→ **EXERCISE AIM**
Restate all entries exactly. Skip the images.

Scraped caption text data

▼

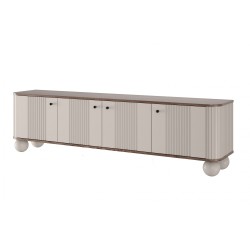 Szafka RTV Vesper 4D - kaszmir / orzech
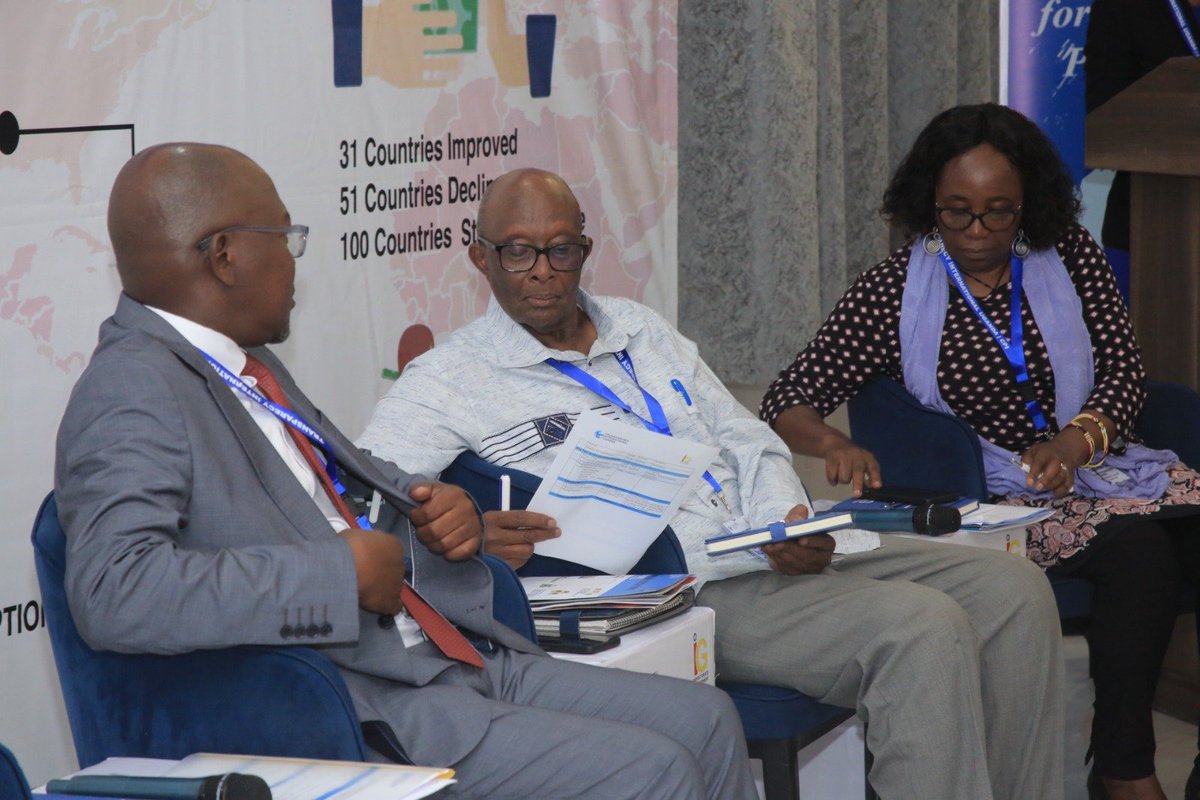 tiuganda1's tweet photo. Today’s discussion has helped us move beyond the numbers of the CPI to understand the real drivers and impacts of corruption. Tomorrow, we build on this by focusing on actionable solutions and collective responsibility. #CPI2025 @IGGUganda @Accu_Ug @DKinUganda @ethicsug https://t.co/l02kbyEL2x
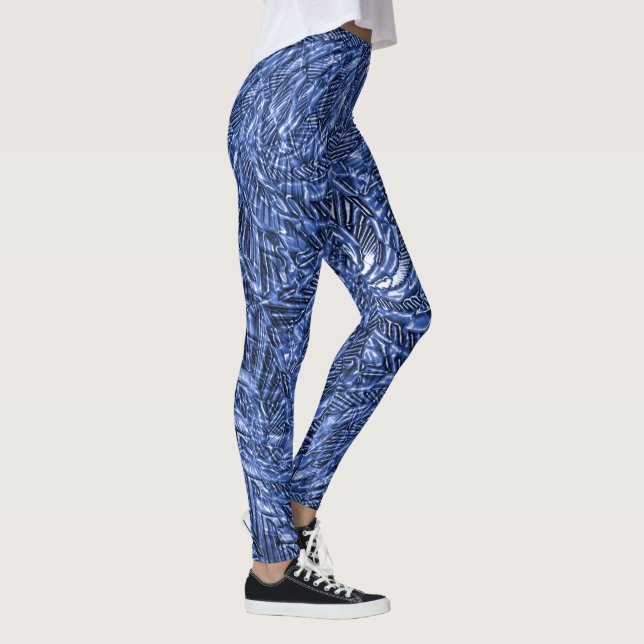 Blue Jean swirl..... Leggings (Right)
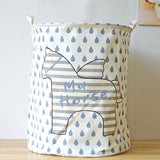 New Waterproof Cotton linen foldable Laundry Basket Dirty clothing Storage box Kids Toy Organizer tool storage organizer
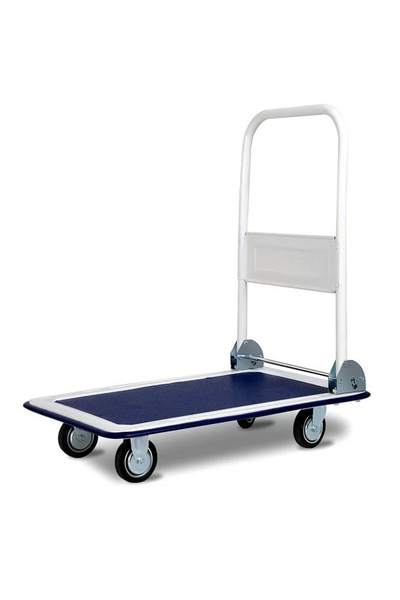 Egardenkart Platform Trolley Cart - Heavy Duty Trolley with Anti Slip Metal P...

▲

→ **PROBLEM SOLUTION**
 Szafka RTV Vesper 4D - kaszmir / orzech
 tiuganda1's tweet photo. Today’s discussion has helped us move beyond the numbers of the CPI to understand the real drivers and impacts of corruption. Tomorrow, we build on this by focusing on actionable solutions and collective responsibility. #CPI2025 @IGGUganda @Accu_Ug @DKinUganda @ethicsug https://t.co/l02kbyEL2x
 Blue Jean swirl..... Leggings (Right)
 New Waterproof Cotton linen foldable Laundry Basket Dirty clothing Storage box Kids Toy Organizer tool storage organizer
 Egardenkart Platform Trolley Cart - Heavy Duty Trolley with Anti Slip Metal P...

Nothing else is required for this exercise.